=== Work instruction ===
Once you find the line that contains "Handelspand te huur" in the entries below, give it again along with every following line, unchanged, through the final one.

Records supplied Start Marker

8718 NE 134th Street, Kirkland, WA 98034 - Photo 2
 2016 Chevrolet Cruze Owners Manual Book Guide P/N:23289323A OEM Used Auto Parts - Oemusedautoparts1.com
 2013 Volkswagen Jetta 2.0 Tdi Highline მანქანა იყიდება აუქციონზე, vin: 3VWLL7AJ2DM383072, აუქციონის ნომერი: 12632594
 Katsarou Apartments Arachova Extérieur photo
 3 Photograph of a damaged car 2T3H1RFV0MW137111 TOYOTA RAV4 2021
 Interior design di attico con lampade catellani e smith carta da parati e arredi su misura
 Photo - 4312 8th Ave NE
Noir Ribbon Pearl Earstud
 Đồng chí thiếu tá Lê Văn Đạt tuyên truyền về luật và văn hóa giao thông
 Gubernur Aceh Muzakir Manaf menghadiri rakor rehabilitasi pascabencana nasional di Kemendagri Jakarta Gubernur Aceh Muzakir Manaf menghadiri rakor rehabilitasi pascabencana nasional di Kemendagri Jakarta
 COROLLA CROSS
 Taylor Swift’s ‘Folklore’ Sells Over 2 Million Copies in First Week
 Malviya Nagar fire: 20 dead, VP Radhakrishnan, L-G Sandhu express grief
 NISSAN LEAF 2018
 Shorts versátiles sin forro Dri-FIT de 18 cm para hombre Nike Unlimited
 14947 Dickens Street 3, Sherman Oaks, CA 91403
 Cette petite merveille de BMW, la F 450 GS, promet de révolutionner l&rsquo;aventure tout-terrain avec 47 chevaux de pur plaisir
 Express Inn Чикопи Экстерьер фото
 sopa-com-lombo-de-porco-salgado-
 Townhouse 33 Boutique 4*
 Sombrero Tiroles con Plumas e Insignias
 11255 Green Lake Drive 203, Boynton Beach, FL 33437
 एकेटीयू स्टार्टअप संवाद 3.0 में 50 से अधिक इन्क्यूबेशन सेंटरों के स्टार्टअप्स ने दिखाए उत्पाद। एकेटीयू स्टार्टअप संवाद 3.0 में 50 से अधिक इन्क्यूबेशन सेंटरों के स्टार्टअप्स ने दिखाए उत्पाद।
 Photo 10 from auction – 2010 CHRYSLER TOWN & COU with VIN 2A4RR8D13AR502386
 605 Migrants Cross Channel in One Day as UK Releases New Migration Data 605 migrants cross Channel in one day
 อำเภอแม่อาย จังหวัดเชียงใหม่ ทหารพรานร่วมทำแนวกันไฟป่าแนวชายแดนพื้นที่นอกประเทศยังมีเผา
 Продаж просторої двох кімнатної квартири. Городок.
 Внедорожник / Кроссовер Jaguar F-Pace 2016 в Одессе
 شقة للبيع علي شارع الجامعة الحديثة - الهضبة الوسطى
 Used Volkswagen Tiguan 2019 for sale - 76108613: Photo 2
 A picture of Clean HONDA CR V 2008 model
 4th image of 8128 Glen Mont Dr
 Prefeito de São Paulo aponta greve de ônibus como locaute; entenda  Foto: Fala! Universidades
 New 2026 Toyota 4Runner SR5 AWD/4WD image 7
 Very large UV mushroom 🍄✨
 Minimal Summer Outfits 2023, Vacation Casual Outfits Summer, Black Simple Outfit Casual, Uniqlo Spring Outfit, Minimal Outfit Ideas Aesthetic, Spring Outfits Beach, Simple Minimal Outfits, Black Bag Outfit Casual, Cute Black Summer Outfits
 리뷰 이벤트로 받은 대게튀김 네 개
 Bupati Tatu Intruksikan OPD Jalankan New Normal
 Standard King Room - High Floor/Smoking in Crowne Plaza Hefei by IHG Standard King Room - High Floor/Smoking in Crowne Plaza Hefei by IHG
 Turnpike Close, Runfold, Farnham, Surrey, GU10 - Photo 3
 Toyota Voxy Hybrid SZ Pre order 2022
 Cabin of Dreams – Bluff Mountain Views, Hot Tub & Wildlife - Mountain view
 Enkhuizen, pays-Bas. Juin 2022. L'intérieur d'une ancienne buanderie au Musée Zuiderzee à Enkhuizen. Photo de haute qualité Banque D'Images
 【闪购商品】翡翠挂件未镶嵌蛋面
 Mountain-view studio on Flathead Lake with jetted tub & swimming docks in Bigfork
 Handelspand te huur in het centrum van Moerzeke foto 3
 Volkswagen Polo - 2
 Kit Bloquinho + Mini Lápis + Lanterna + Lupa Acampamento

Records supplied End Marker

=== Response area ===
 Handelspand te huur in het centrum van Moerzeke foto 3
 Volkswagen Polo - 2
 Kit Bloquinho + Mini Lápis + Lanterna + Lupa Acampamento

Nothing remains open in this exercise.